**TASK INSTRUCTIONS:**
Return the full listing character for character, without its pictures.

**GIVEN DATA:**
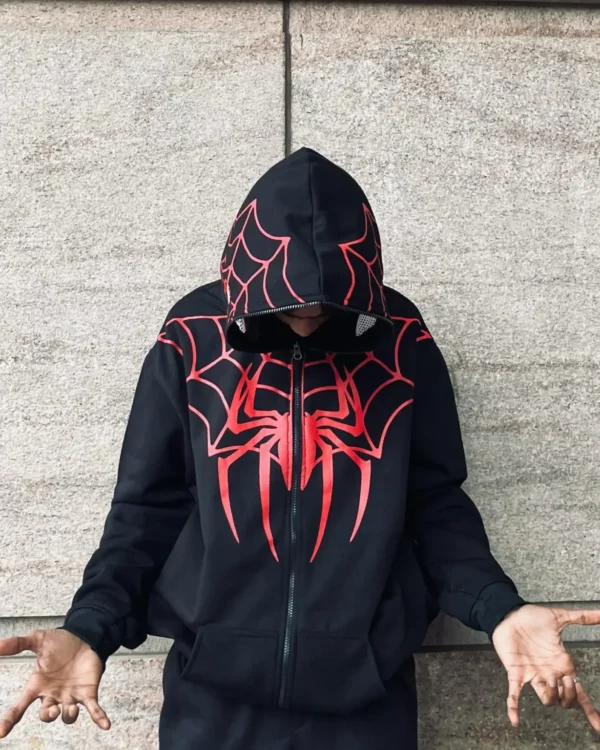 Folded black Spiderman zip-up hoodie with red spider logo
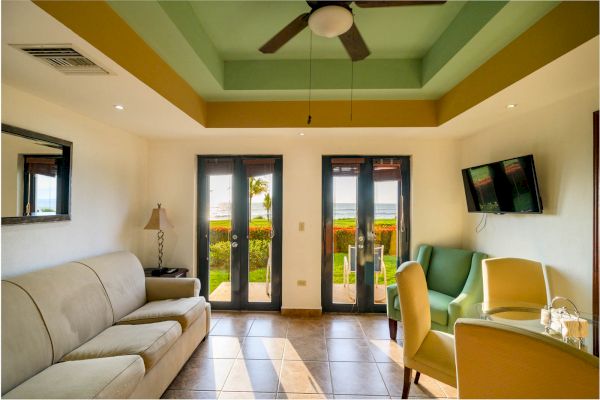 The image shows a bright, well-lit room with a sofa, chairs, a table, a TV, a ceiling fan, and a view of a garden through glass doors.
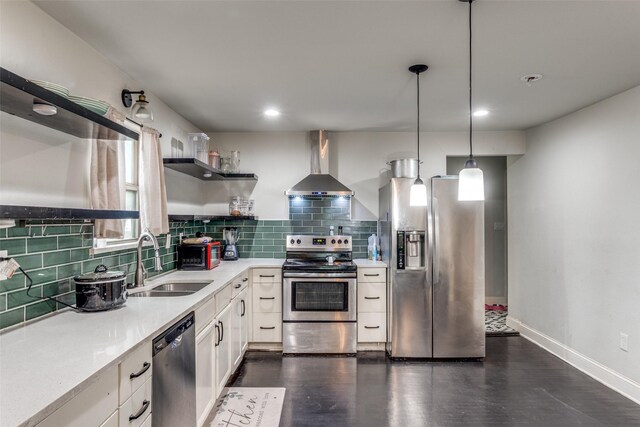 kitchen with stainless steel appliances, wall chimney range hood, open shelves, a sink, and tasteful backsplash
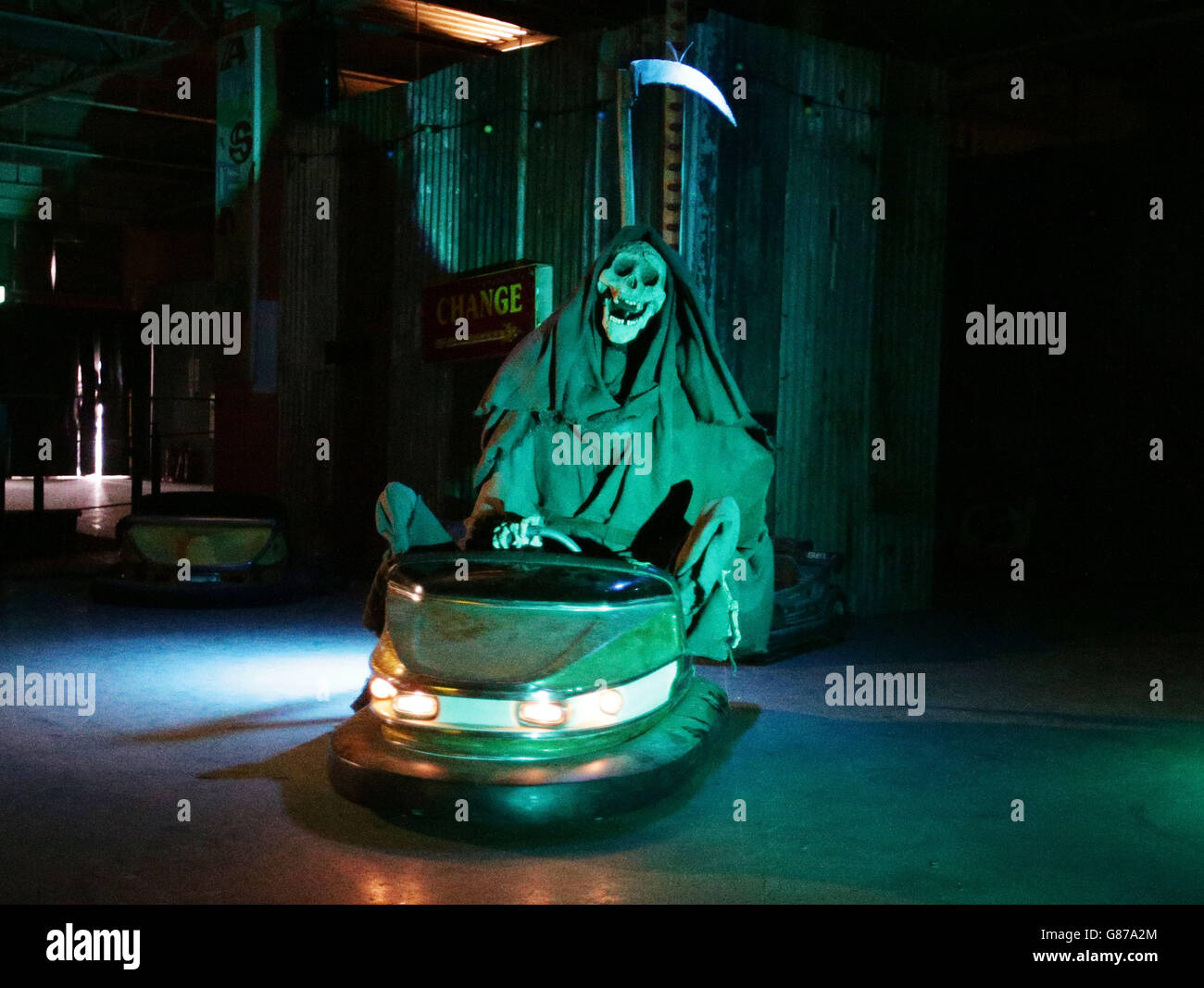 The grim reaper rides the dodgems at Dismaland - Bemusement Park, Banksy's biggest show to date, in Weston-super-Mare, Somerset. Stock Photo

**OUTPUT OF THE TASK:**
 Folded black Spiderman zip-up hoodie with red spider logo
 The image shows a bright, well-lit room with a sofa, chairs, a table, a TV, a ceiling fan, and a view of a garden through glass doors.
 kitchen with stainless steel appliances, wall chimney range hood, open shelves, a sink, and tasteful backsplash
 The grim reaper rides the dodgems at Dismaland - Bemusement Park, Banksy's biggest show to date, in Weston-super-Mare, Somerset. Stock Photo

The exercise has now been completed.